[OPTIM] task: reduce the number of calls to task_queue()

Most of the time, task_queue() will immediately return. By extracting
the preliminary checks and putting them in an inline function, we can
significantly reduce the number of calls to the function itself, and
most of the tests can be optimized away due to the caller's context.

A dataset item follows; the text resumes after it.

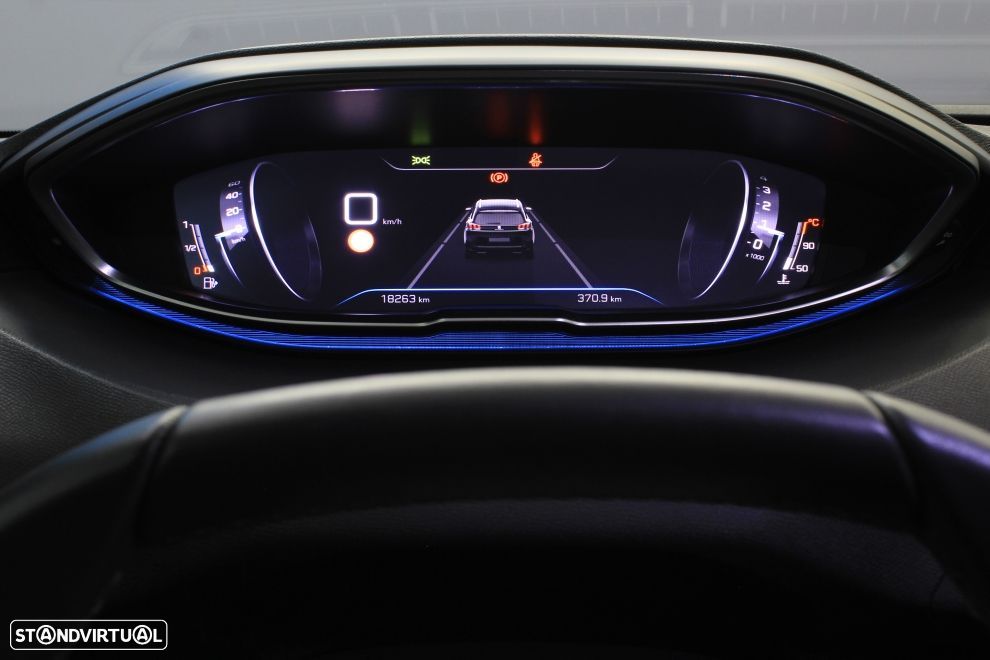 Peugeot 5008 1.2 PureTech Allure Pack - 16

Another minor improvement in process_runnable_tasks() consisted in
taking benefit from the processor's branch prediction unit by making
a special case of the process_session() callback which is by far the
most common one.

All this improved performance by about 1%, mainly during the call
from process_runnable_tasks().
diff --git a/include/common/ticks.h b/include/common/ticks.h
index f3c1a7d..4587d56 100644
--- a/include/common/ticks.h
+++ b/include/common/ticks.h
@@ -113,6 +113,17 @@
 		return t2;
 }
 
+/* return the first one of the two timers, where only the first one may be infinite */
+static inline int tick_first_2nz(int t1, int t2)
+{
+	if (!tick_isset(t1))
+		return t2;
+	if ((t1 - t2) <= 0)
+		return t1;
+	else
+		return t2;
+}
+
 /* return the number of ticks remaining from <now> to <exp>, or zero if expired */
 static inline int tick_remain(int now, int exp)
 {